**TASK OBJECTIVE**
All lines in the records below from the line with "Pantalon taille haute Vmunika" through the line with "VIPA, System200V 16-channel" are to be given again exactly, both ends included; the pictures are to be left out.

**DATA PROVIDED**
-------------------------
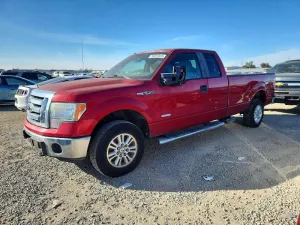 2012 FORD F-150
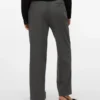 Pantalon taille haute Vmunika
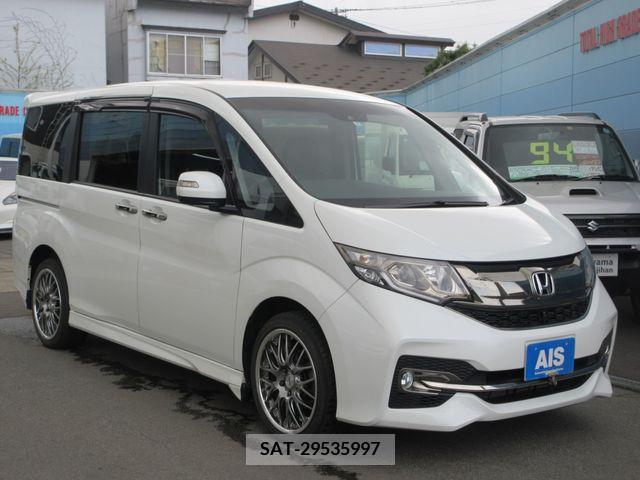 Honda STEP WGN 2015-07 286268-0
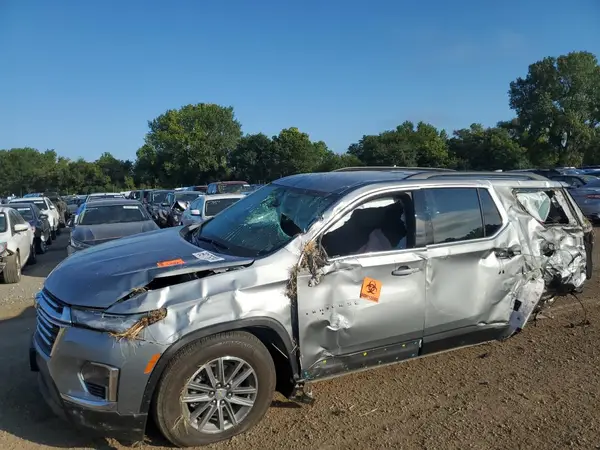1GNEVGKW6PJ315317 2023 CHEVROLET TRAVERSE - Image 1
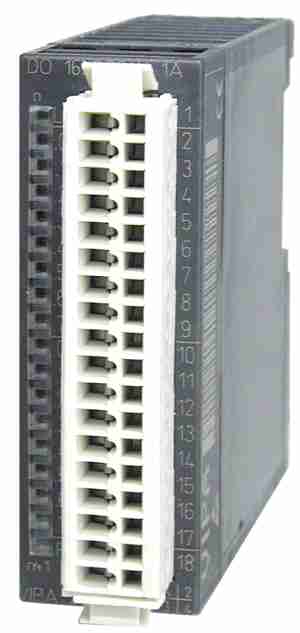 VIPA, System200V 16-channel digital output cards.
-------------------------
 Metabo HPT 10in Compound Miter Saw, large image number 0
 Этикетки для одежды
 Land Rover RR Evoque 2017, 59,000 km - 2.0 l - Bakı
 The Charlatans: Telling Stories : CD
-------------------------
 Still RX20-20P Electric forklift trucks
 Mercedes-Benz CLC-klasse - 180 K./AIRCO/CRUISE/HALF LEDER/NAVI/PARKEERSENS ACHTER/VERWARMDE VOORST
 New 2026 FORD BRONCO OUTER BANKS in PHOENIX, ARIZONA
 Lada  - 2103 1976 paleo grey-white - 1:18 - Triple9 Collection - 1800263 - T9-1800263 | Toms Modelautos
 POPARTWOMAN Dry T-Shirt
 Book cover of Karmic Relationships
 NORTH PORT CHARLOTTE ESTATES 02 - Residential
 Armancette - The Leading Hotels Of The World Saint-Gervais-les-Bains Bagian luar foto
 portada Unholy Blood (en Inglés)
-------------------------
**RESPONSE TO THE TASK**
 Pantalon taille haute Vmunika
 Honda STEP WGN 2015-07 286268-0
1GNEVGKW6PJ315317 2023 CHEVROLET TRAVERSE - Image 1
 VIPA, System200V 16-channel digital output cards.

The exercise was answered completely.